=== Section Start ===
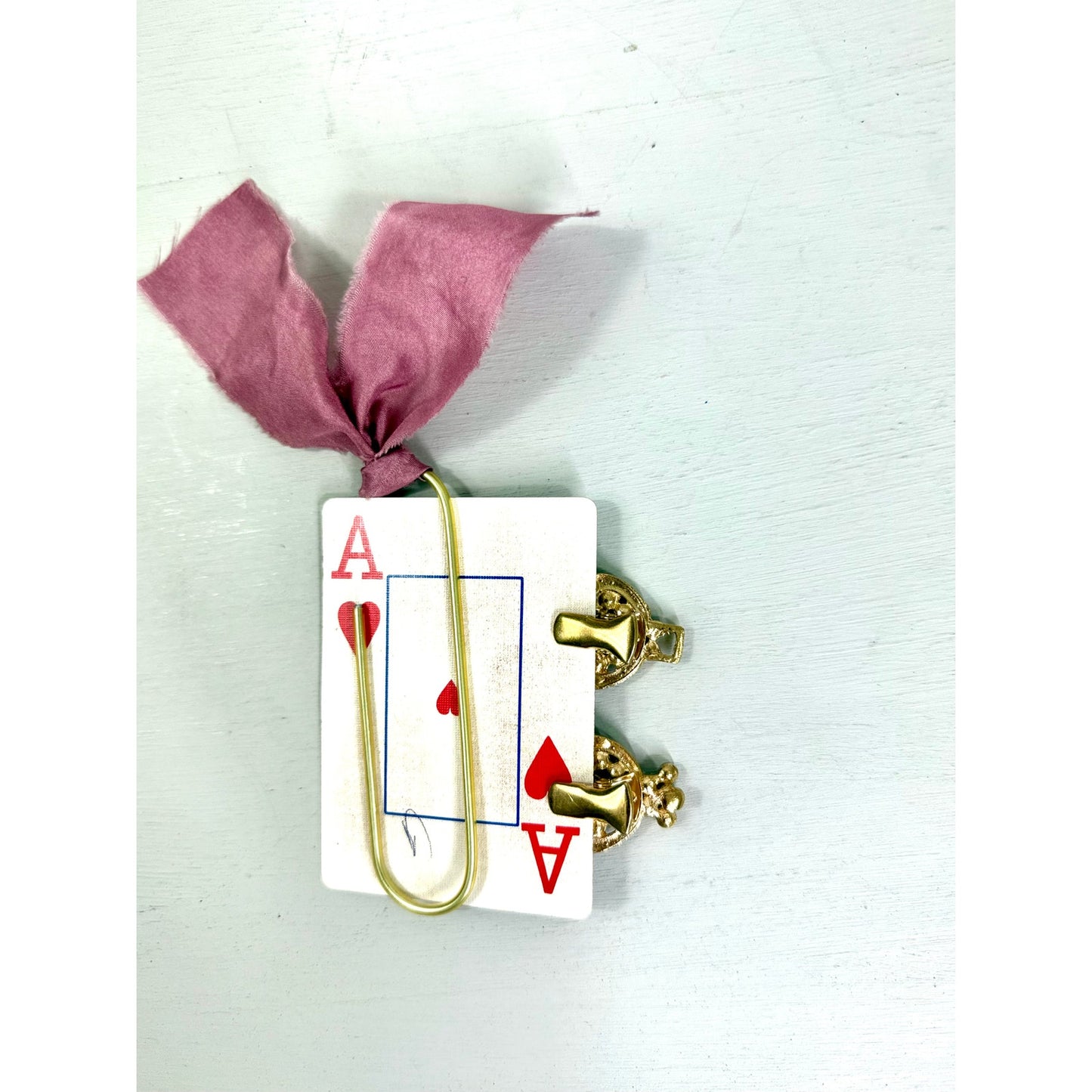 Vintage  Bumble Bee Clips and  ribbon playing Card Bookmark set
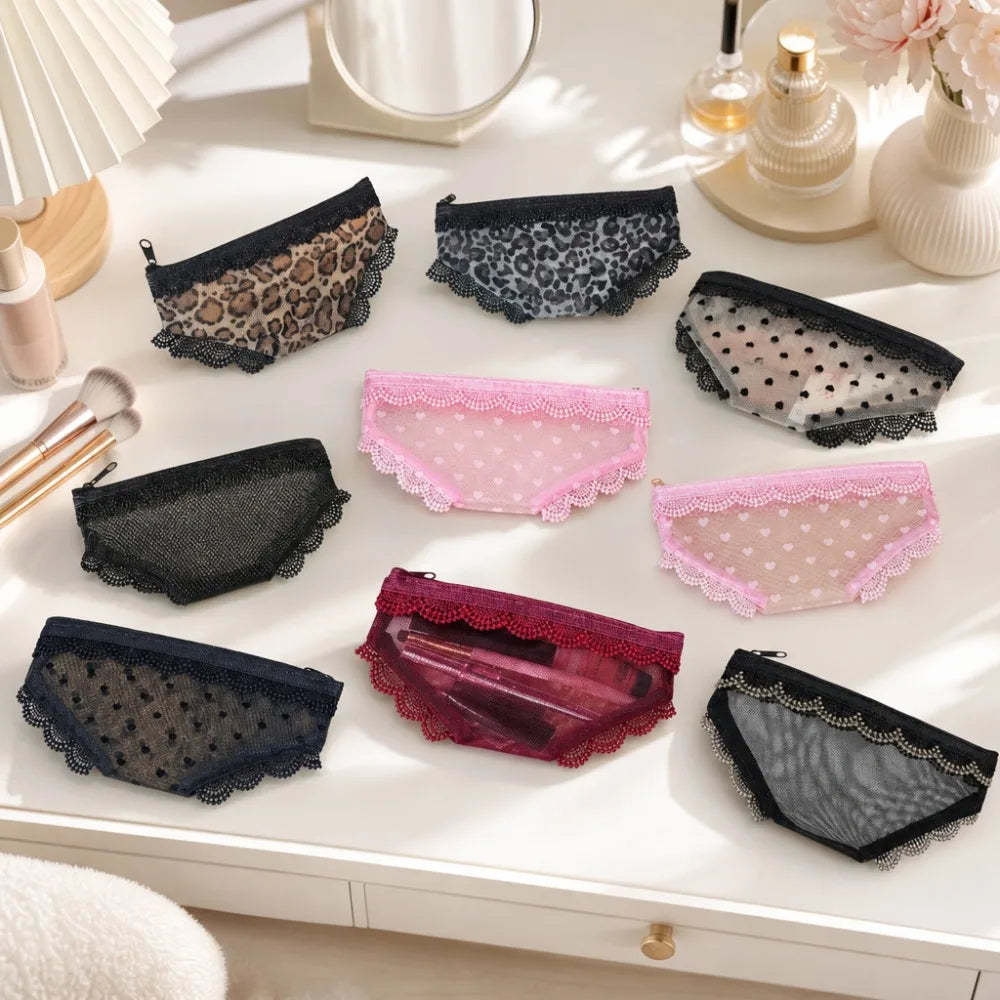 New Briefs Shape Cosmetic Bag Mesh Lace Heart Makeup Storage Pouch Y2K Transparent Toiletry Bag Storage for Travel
=== Section End ===
=== Section Start ===
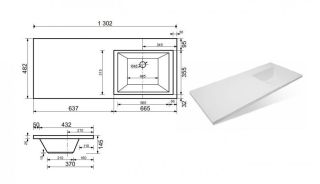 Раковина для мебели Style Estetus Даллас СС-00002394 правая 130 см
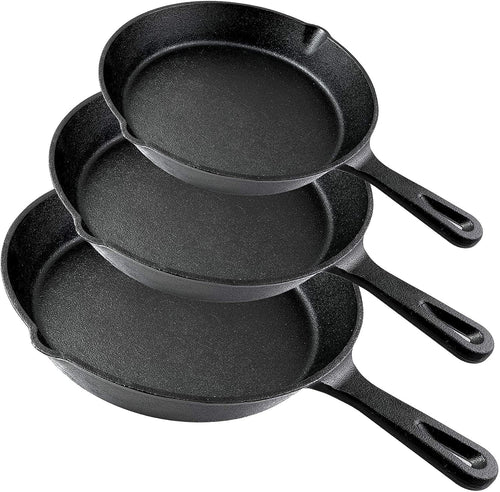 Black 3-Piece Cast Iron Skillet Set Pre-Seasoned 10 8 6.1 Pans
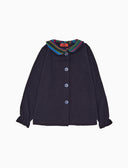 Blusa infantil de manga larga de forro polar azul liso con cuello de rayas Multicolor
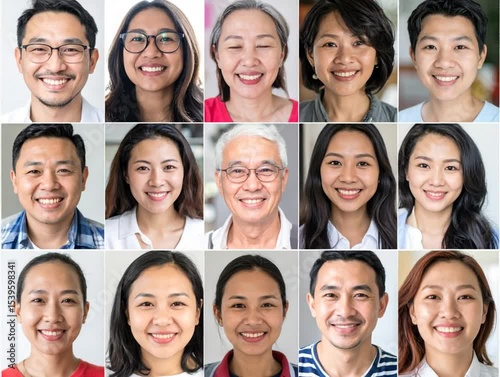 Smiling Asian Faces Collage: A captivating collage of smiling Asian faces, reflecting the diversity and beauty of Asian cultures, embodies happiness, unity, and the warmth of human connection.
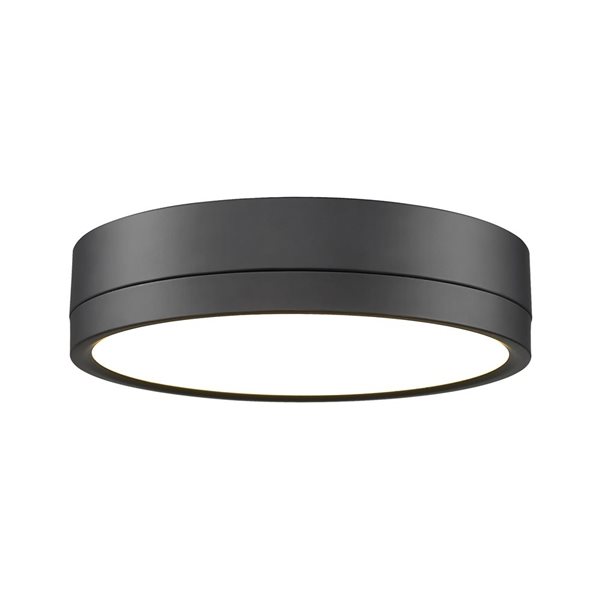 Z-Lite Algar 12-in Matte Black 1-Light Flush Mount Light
=== Section End ===
=== Section Start ===
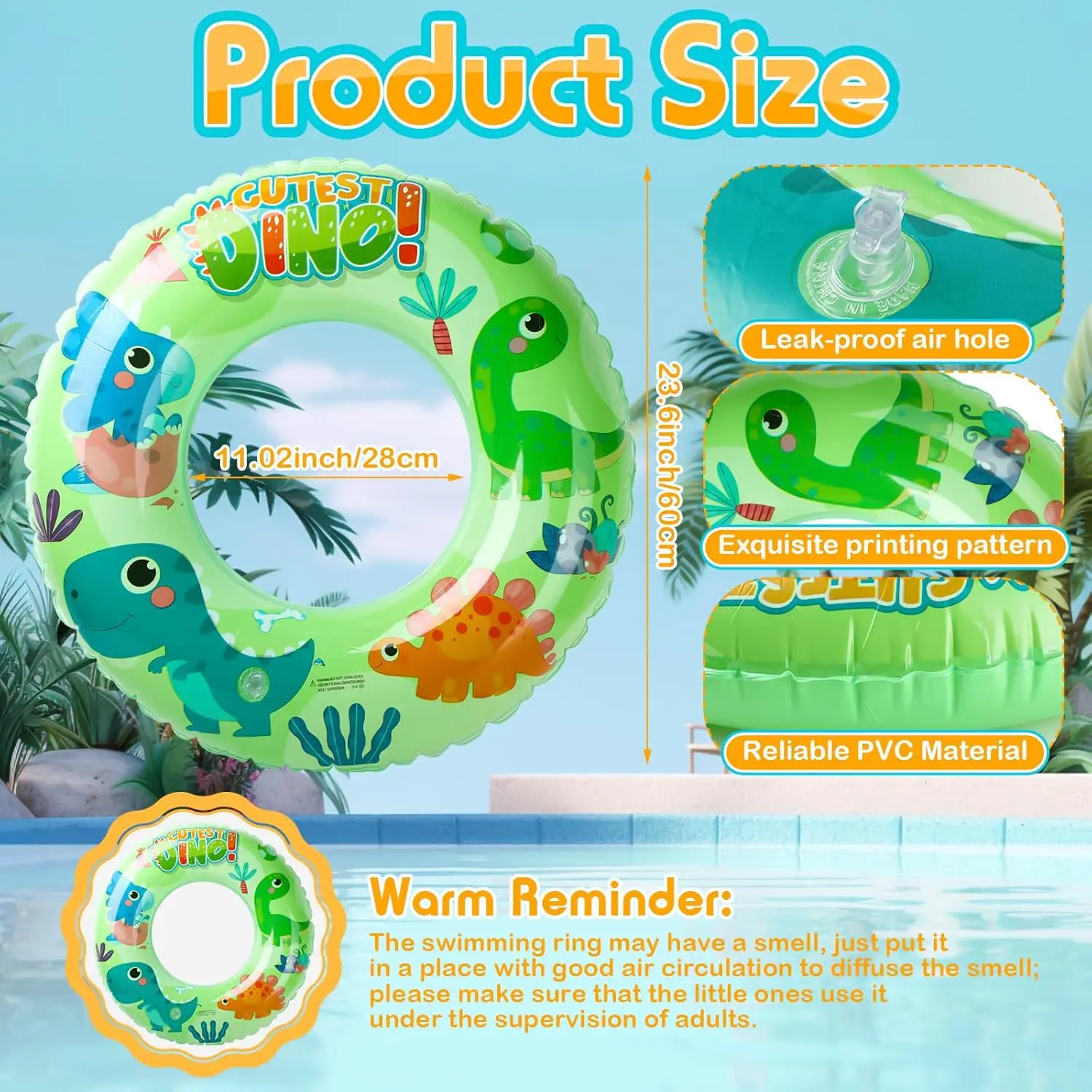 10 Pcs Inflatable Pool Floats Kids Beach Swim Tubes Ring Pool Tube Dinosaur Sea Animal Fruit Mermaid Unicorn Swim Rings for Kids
=== Section End ===
• Action item: Would you copy the lines above exactly, starting with the one that has "Card Bookmark set" and ending with the one that has "New Briefs Shape", both included, without the pictures?

• Result below:
 Vintage  Bumble Bee Clips and  ribbon playing Card Bookmark set
 New Briefs Shape Cosmetic Bag Mesh Lace Heart Makeup Storage Pouch Y2K Transparent Toiletry Bag Storage for Travel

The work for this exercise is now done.